Copyright © 2021 Roswell Daily Record

Working from proven models for substance abuse prevention, a team of young adults and behavioral experts want to reduce youth marijuana use in Roswell.

In 2019, La Casa Behavioral Health, 110 E. Mescalero Road, and Eastern New Mexico University-Roswell were awarded a five-year, $300,000 grant from the Substance Abuse and Mental Health Services Administration (SAMHSA), part of the U.S. Department of Health and Human Services, with the goal of reducing substance abuse in Chaves County through the formation of a Young Adult Council.

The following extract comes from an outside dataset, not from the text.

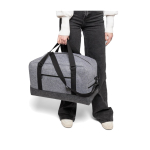 Sporttasche aus RPET-Filz mit kleinem Frontfach zweite Ansicht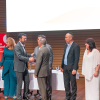 Imagen de la posesión en la que se ven varias personas dando la mano al alcalde Galán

The pandemic prevented much public work from being done, however. They have met only about four times, but the council members are now ready to get started on their goals. The Young Adult Council made its public debut at the Aug. 12 Roswell City Council meeting with three members speaking during a public hearing on the city’s new cannabis regulations.

“It’s been a rush, but hopefully, now that we had the public hearing we can slow down and we can begin recruiting members and just working more on improving the community,” said Paulina Alvarez, president of the Young Adult Council.

Paulina, her sister Vanessa and Jasmin Contreras have worked with their sponsors at La Casa, Prevention Coordinators Kim Rutley and Teresa Nicholson, since last year. Their early projects can be seen around town on billboards and on advertisements on social media site Snapchat with the slogan “What the fact.” They also have a website at www.giveafact.org.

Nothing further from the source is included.